TASK STATEMENT.
Where the line containing "De Hongaarse premier" appears below, begin there and reproduce each line exactly through the last one, omitting pictures.

Items from a dataset.

====

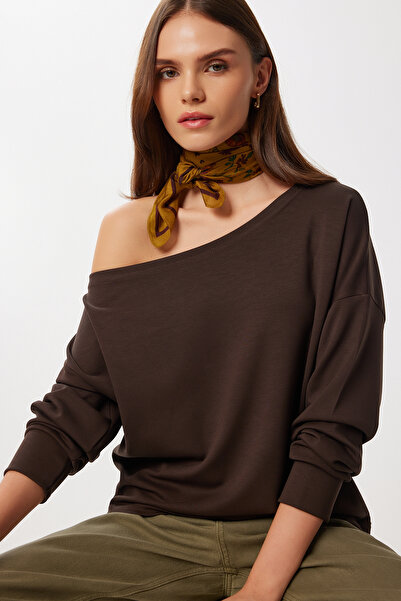 Lovelyİstanbul Açık Omuzlu Yumuşak Modal Sweatshirt LUB0252 KAHVERENGİ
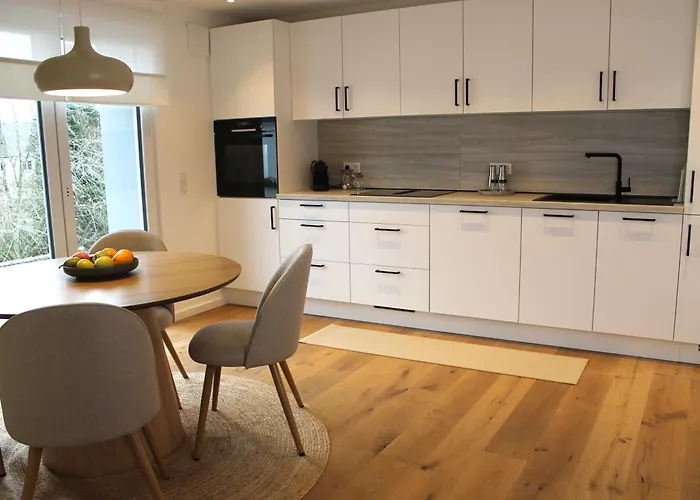 Schoener Wohnen In Der Suedstadt 6 Personen, Balkon, Fahrradgarage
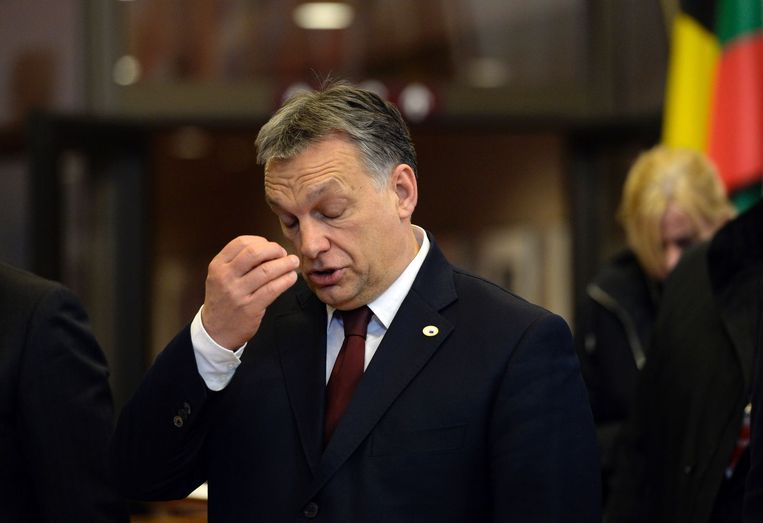 De Hongaarse premier Viktor Orbán verlaat de migratietop in Brussel. Beeld afp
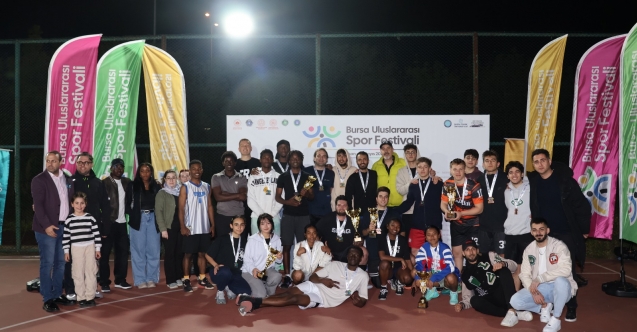 Uluslararası Spor Festivali'nde sokak basketbolu heyecanı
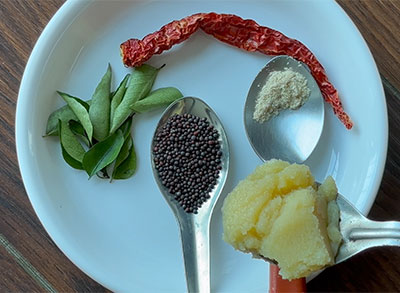 tempering for haalu menasina saaru or milk pepper rasam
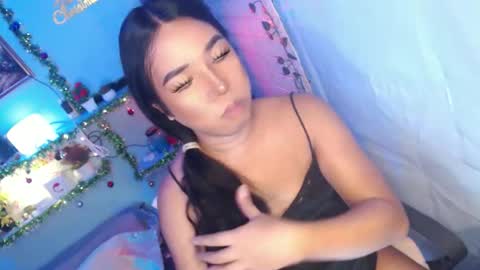 Snapshot of ur_hot_tommiexx chatting on 10/22/25, 03:07 jennie online show from 10/22/25, 03:07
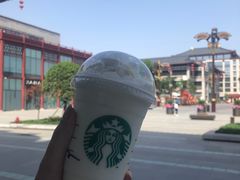 -星巴克(西安曲江银泰店)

====

TASK OUTPUT.
 De Hongaarse premier Viktor Orbán verlaat de migratietop in Brussel. Beeld afp
 Uluslararası Spor Festivali'nde sokak basketbolu heyecanı
 tempering for haalu menasina saaru or milk pepper rasam
 Snapshot of ur_hot_tommiexx chatting on 10/22/25, 03:07 jennie online show from 10/22/25, 03:07
 -星巴克(西安曲江银泰店)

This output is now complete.